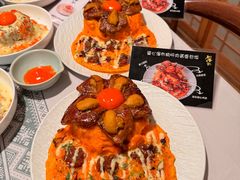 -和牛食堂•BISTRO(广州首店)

---

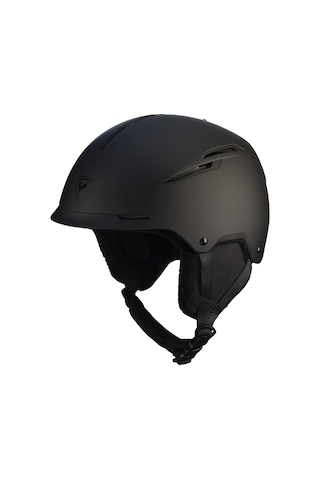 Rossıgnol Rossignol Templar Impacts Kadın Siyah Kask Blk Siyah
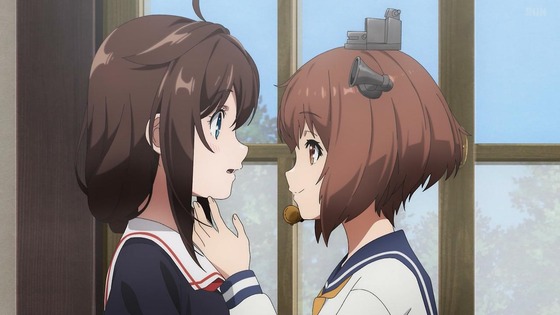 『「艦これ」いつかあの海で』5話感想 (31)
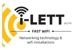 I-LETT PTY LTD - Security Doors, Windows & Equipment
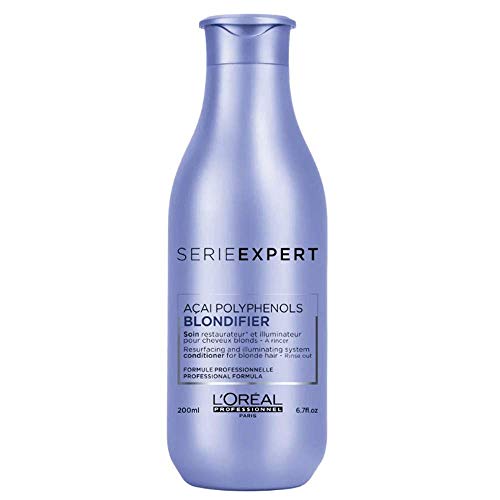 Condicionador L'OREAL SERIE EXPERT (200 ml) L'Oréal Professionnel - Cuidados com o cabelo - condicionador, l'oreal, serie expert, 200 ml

### THE TASK:
When copying from the data above, print only the lines from the line containing "Rossıgnol Rossignol Templar" to the line containing "Condicionador L'OREAL SERIE", exactly, and leave the pictures out.

### PROBLEM SOLUTION:
 Rossıgnol Rossignol Templar Impacts Kadın Siyah Kask Blk Siyah
 『「艦これ」いつかあの海で』5話感想 (31)
 I-LETT PTY LTD - Security Doors, Windows & Equipment
 Condicionador L'OREAL SERIE EXPERT (200 ml) L'Oréal Professionnel - Cuidados com o cabelo - condicionador, l'oreal, serie expert, 200 ml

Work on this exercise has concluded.